Loading and train/test splitting the dataset

You start off by collecting the dataset. We have covered the data loading, preprocessing, and train/test splitting previously, so we won't repeat ourselves here. Also check out this post on using plotly to create exploratory, interactive graphics of the wine dataset features.

You can fetch and format the data as follows:



In [2]:

    
import wget
import pandas as pd
import numpy as np
from sklearn.cross_validation import train_test_split

# Import the dataset
data_url = 'https://raw.githubusercontent.com/nslatysheva/data_science_blogging/master/datasets/wine/winequality-red.csv'
dataset = wget.download(data_url)
dataset = pd.read_csv(dataset, sep=";")

# Using a lambda function to bin quality scores
dataset['quality_is_high'] = dataset.quality.apply(lambda x: 1 if x >= 6 else 0)

# Convert the dataframe to a numpy array and split the
# data into an input matrix X and class label vector y
npArray = np.array(dataset)
X = npArray[:,:-2].astype(float)
y = npArray[:,-1]

# Split into training and test sets
XTrain, XTest, yTrain, yTest = train_test_split(X, y, random_state=1)

Introducing randomized search: comparison with grid search

You have already built a random forest classifier and tuned it using grid search to predict wine quality (here). Grid search is quite commonly used, and is essentially just a method that exhaustively tries out all combinations of manually prespecified HP values and reports the best option (i.e. the one leading to the highest test accuracy). The benefit of this approach is that you thoroughly test out various combinations, but this is of course very computationally expensive. For grid search to be tractable, you often have to restrict the number of combinations, which can severely limit how well you explore hyperparameter space and lead to you overlooking regions where accuracy would be highest.

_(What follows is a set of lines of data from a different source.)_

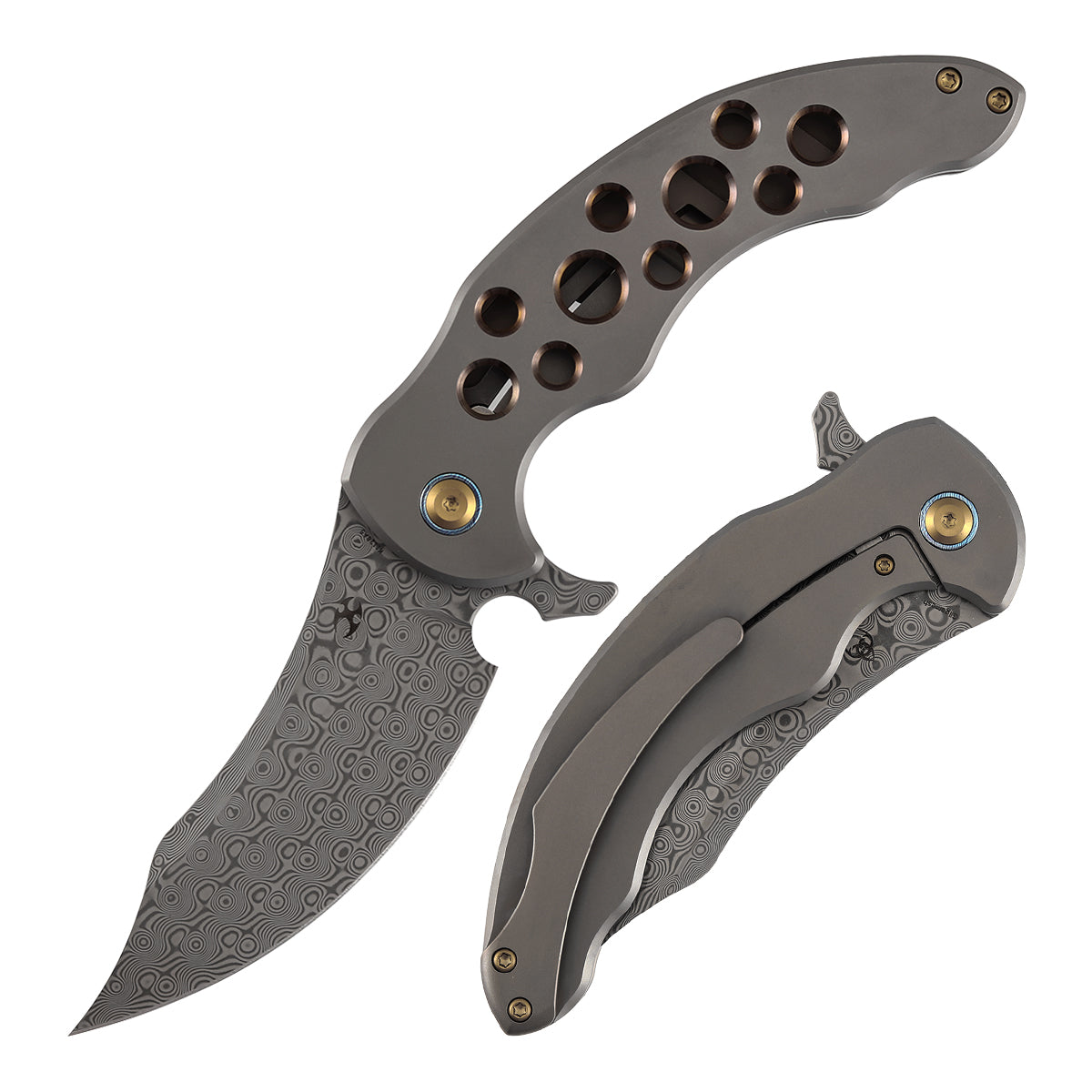 Kansept Gilgamesh K1128A5 front view – 3.75" Damascus trailing point folding knife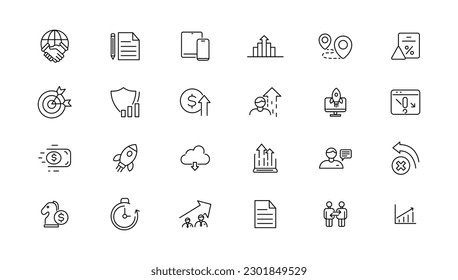 Growth and success line icons collection. Big UI icon set in a flat design. Thin outline icons pack. 
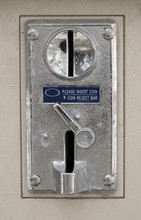 Old Metal Coin Slot Panel From A Coin Operated Machine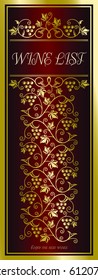 Elegant richly decorated wine list template on deep red background with bunches of grapes.
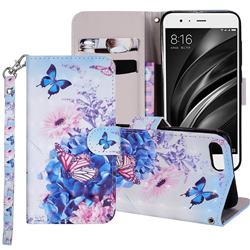 Pansy Butterfly 3D Painted Leather Phone Wallet Case Cover for Xiaomi Mi 6 Mi6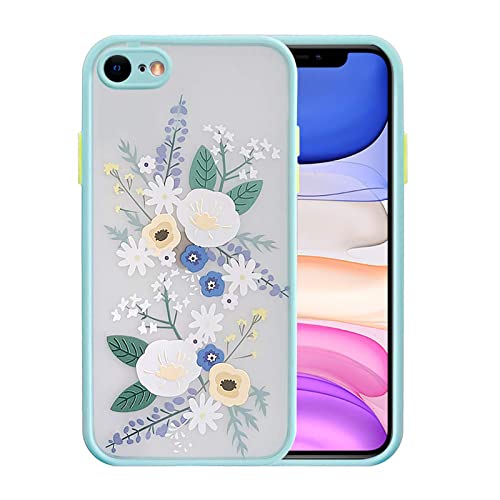 Ownest Kompatibel mit iPhone 8 Hülle, iPhone SE 2020 Hülle, iPhone SE 2022 Hülle und iPhone 7 Hülle Flowers Blumen Aesthetic Transparent Mädchen Handyhülle - Blau von Ownest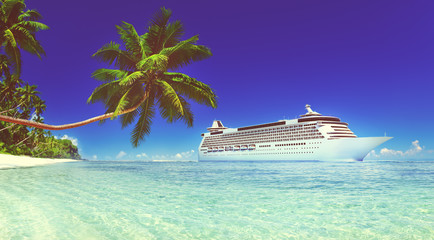 Wall Mural - Cruise Vacation Travel Beach Summer Trip Sky Sea Concept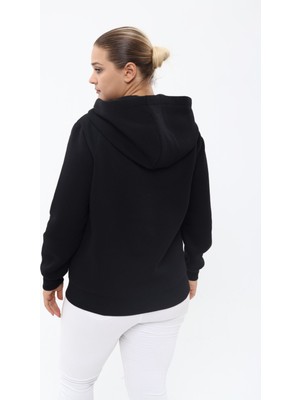 Piano Luce  Kadın Büyük Beden Cepli Kapşonlu Sweatshirt Siyah PLWM23SWT01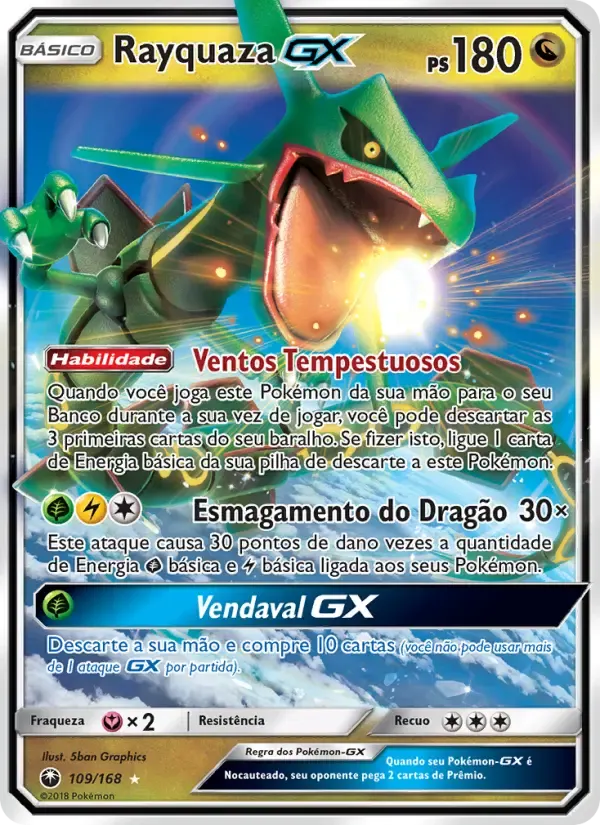 Rayquaza GX — Tempestade Celestial 109 Portuguese Pokémon card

Another way to search through hyperparameter space to find optima is via randomized search. In randomized search, you sample HP values a certain number of times from some distribution which you prespecify in advance. So unlike grid search, in which you specify particular numbers to combinatorially try out, you instead specify distributions that cover the HP space you want to explore. For example, you might specify a standard normal distribution over an HP if you think reasonable values are roughly centered around 0, or a uniform distribution over some range if you think values within that range are about as likely to be "good". In randomized search, you also specify a n_iter parameter, which acts as a computational budget, controlling how many different parameter settings are tried out in total.

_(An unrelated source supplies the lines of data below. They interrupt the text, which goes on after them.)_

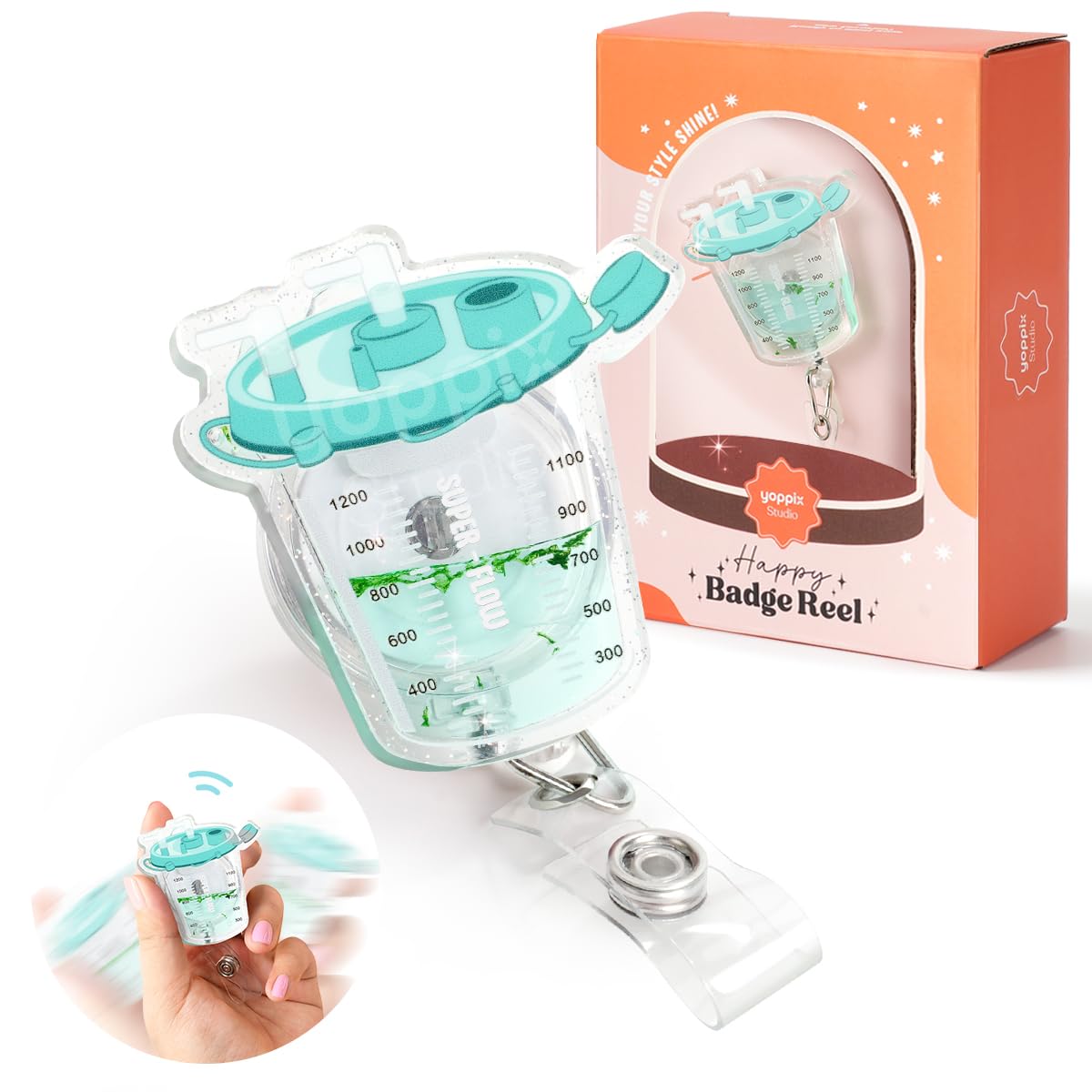 YOPPIX Mucus Suction Liquid Badge Reel, Shaker Funny Retractable Badge Holder for Nurses RN EN Doctor Paramedic Phlebotomist Medical Worker Office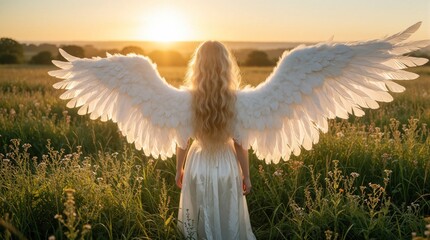 Fototapeta premium Blonde woman with white angel wings stands in grassy field during sunset. Golden light shines through feathers. She wears a white dress, peaceful, calm, ethereal.
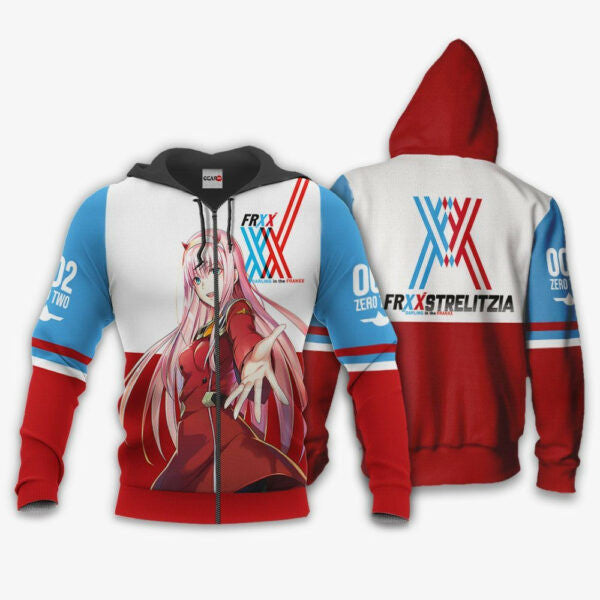Darling In The Franxx Zero Two Anime 3k160 Fan Gift Stylist Unisex Cartoon 3d Hoodie Zip Hoodie 1553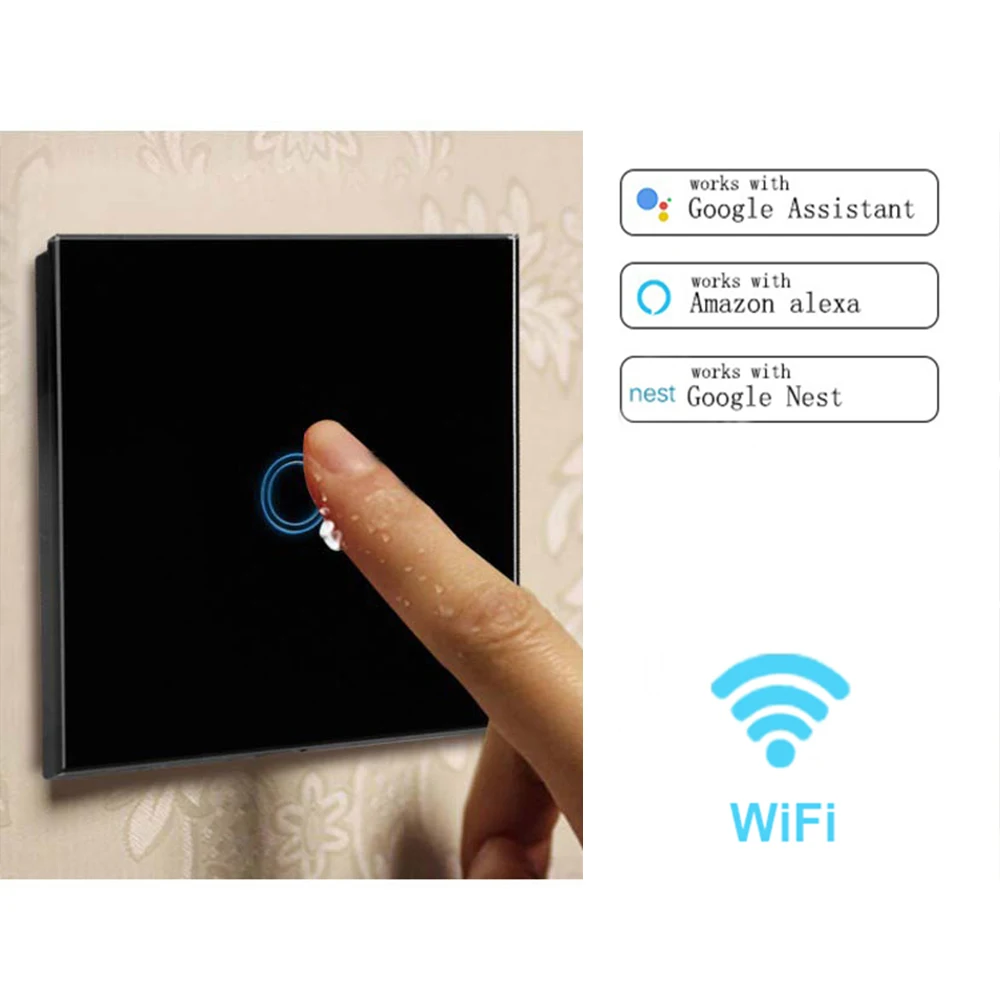 Европейский стандарт 1/2/3 клавиши 1 канал Wi Fi сенсорный выключатель умный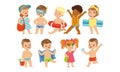 Cute Happy Kids Playing, Swimming and Having Fun at the Beach on Summer Vacation Vector Illustration Royalty Free Stock Photo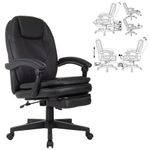 Кресло офисное CH-868N-BF, синхромеханизм, подставка для ног, экокожа, черное, 2018358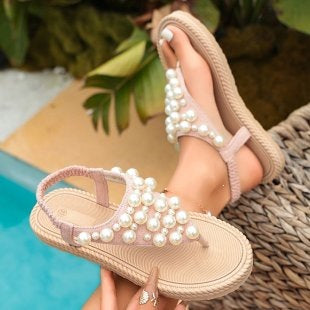 Damen Orientierende Riemchensandalen mit Perlenverzierungen Drune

We can visually summarize the grid search (grey boxes) and randomized search (purple boxes) strategies like so:

Here, both approaches are constrained by the same computational budget - they can only try out 9 different HP settings (i.e. certain values for HP1 and HP2). Randomized search tries out HP values from two normal distributions (purple bell curves), repeating the process 9 times and thus getting 9 different values of both HP1 and HP2. Most combinations fall into the meaty portion of the normal distributions, but occasionally the tails are sampled from as well - this means you have at least some chance of trying out distant regions that could potentially strike gold (i.e. the hypothetically optimal HP space leading to high accuracy, bottom right).

Meanwhile, grid search tries out 3 values each of HP1 and HP2. Of course, these values do not have to be as close to each other as we have drawn (and one could indeed hit the gold space with grid search), but the idea is that since you are constrained to trying out all combinations of prespecified HP values, this intrinsically limits how much of the HP space can be explored. Specifically, here randomized search has searched a space that is 16 times bigger (we drew a 3x3 box for the grid search and a 12x12 box for the larger grid). The n_iter argument controlling the number of HP combinations to try out gives you access to a tradeoff between computational resources invested and the HP space you can explore.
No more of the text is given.